For a long time the Welfare State became the preferred instrument for ensuring social transfers from the wealthy to the poorer sections of society, and political debate essentially revolved around how to improve the workings of the system rather than questioning the foundations of the Welfare system itself. That was until the end of the Perestroika, a term used to describe a vain attempt by the Russian leader Mikhail Gorbachev to salvage a regime which was utterly rotten from the inside, leading  to the formal dissolution of the erstwhile Union of Soviet Socialist Republics (USSR).

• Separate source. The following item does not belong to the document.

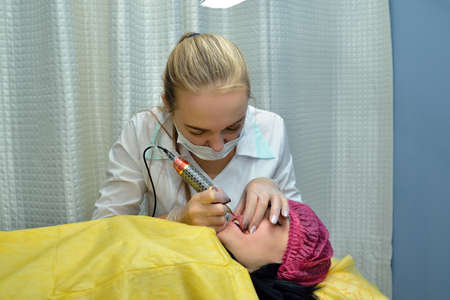 In the beauty salon, a master beautician, a blonde makes permanent makeup lips European girl. Concept. Close up. Horizontal orientation of the image.の写真素材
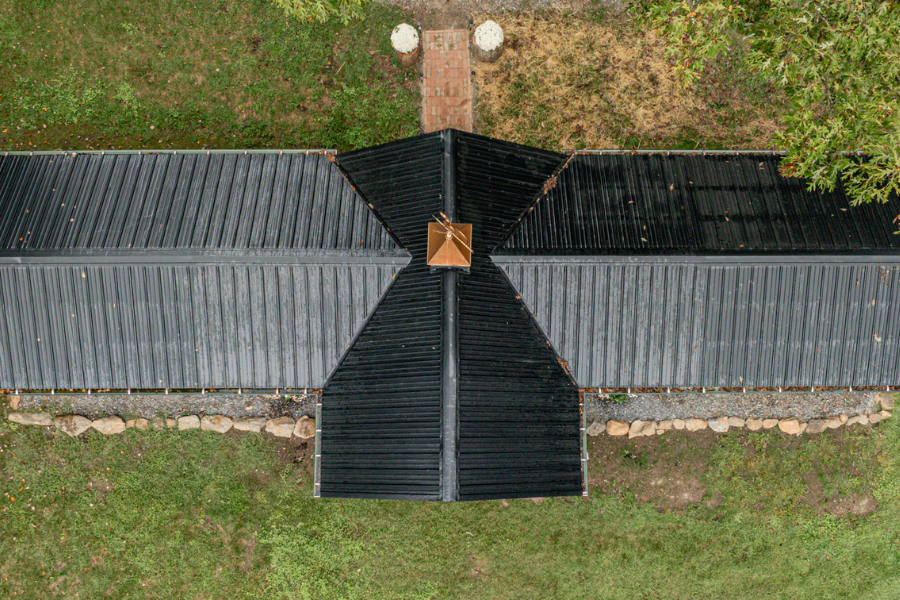 aerial view of black metal roofing on custom combination chicken coop with attached runs on either side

A triumphant Ronald Reagan in the United States and his alter ego Mrs Margaret Thatcher in the UK led the charge of the Anglo-Saxon model of unbridled capitalism. Deregulation and liberalization were the order of the day and the overarching mission was the dismantling of the social-democratic architecture of western societies. The dominant mantra of maximization of shareholder value creation took precedence over all other considerations including the longer-term viability of the system.

Safeguards against excesses and the “countervailing powers” so dear to the great economist JK Galbraith were systematically removed, all in the name of freedom of markets. The trader Gekko who took the traits of actor Michael Douglas in the epic film ‘Wall Street’ (1987) epitomizes the spirit of those days when he loudly proclaims that “greed is good”. As we all now know, it all ended miserably with a number of corporate scandals in both the US and Europe (Enron, WorldCom, Vivendi in France) and finally the Great Financial Crisis in 2008.

What we are concerned with here is another aspect of this transformation. Between 1979 and 2013 compensation for men without a high school diploma (predominantly black Americans) in the US fell by 21% in real terms (inflation adjusted). The trend in other parts of the developed world is not any different. Driving these trends is the change in the nature of work.

New technology and “intelligent” machines are rapidly displacing many types of low skilled workers in both manufacturing and services sector. Most of them – in the true spirit of the extreme free marketers — are left to themselves and are inevitably led to drop from mainstream social activities, and to fare for a living in the often more murky marginal world of illicit and dangerous occupations.

In multicultural societies, as most of the capitals of the Western nations would now be characterized, the problematic consequences of such marginalization are compounded. Xenophobic, extreme right nationalist parties feed on the pervasive insecurity to engage in populist and even racist politics. Extremists of all hues take advantage of the resulting feeling of insecurity and anxiety to appeal to ethnic and religious solidarity in the face of such “rejection” of their fellow religionists.

We have insisted earlier that the problem of “terrorism” is hugely complex and does not lend itself to simple solutions. There are multiple and deep-rooted causes which are all linked to result in a messy condition which favours the designs of the religious fanatics such as the leaders of Daesh.

What is postulated here is that one of those root causes is closely linked with the model of economic development which aims at dismantling the State in favour of the impersonal forces of the market as the driving force of change.

The same causes leading to the same effect, it would be futile to expect a solution without a serious reconsideration of a model which has not only failed in achieving economic growth globally but has simultaneously contributed to the rise of “terrorism” as a defining characteristic of the foreseeable future.